§ Data:
■ ■ ■
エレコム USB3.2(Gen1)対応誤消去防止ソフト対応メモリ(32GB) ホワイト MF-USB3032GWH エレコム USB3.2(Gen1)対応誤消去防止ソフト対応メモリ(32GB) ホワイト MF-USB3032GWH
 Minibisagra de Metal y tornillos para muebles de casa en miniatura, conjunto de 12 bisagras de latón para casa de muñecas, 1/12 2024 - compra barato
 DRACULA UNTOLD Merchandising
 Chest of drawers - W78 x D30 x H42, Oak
■ ■ ■
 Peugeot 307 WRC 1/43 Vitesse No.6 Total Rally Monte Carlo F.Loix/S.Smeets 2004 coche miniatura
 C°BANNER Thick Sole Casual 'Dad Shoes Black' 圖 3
■ ■ ■
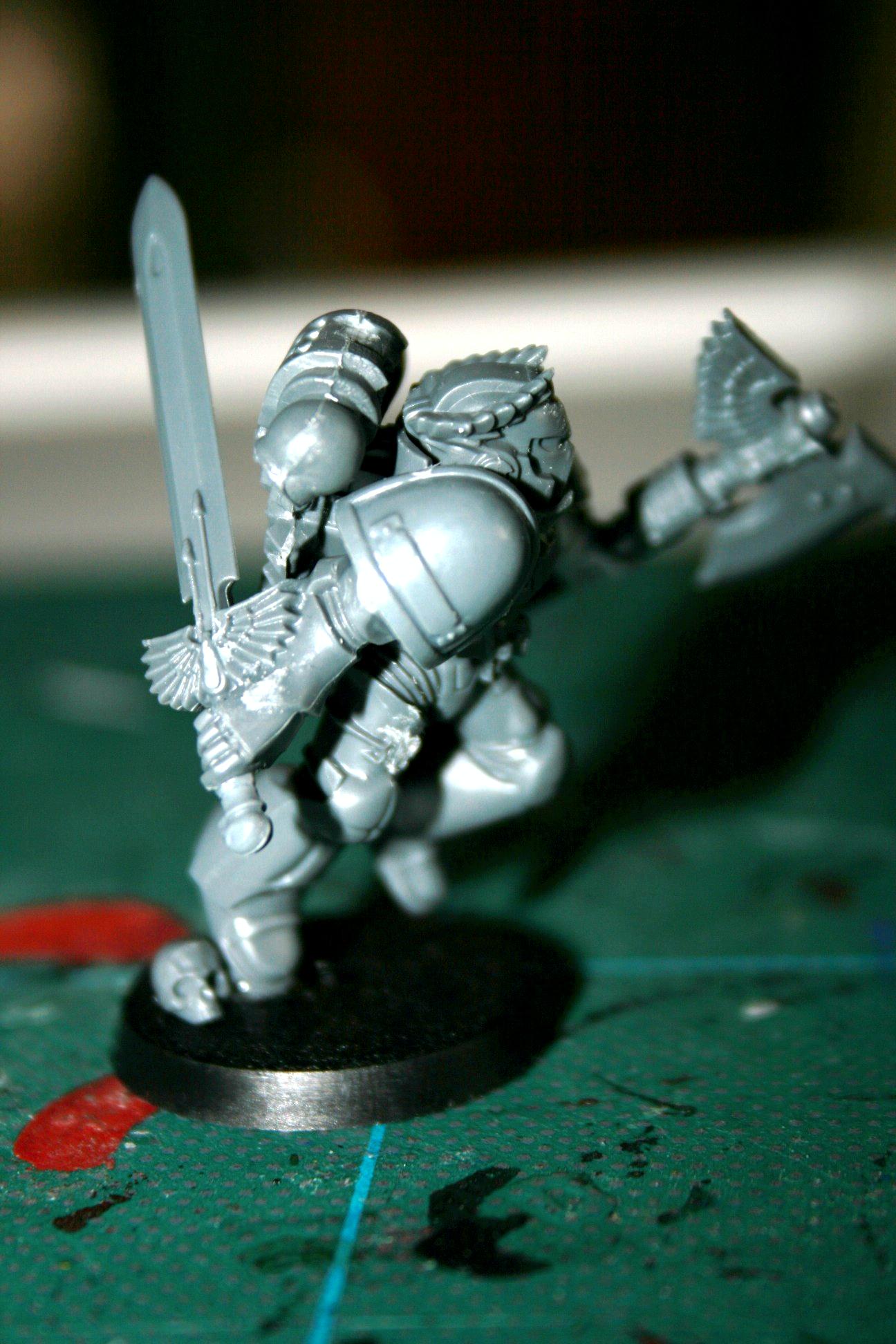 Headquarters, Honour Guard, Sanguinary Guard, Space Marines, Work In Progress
■ ■ ■
§ Prompt:
Lines containing "miniatura" in the records above: how many are there? Give only the number.

§ Result of this exercise:
2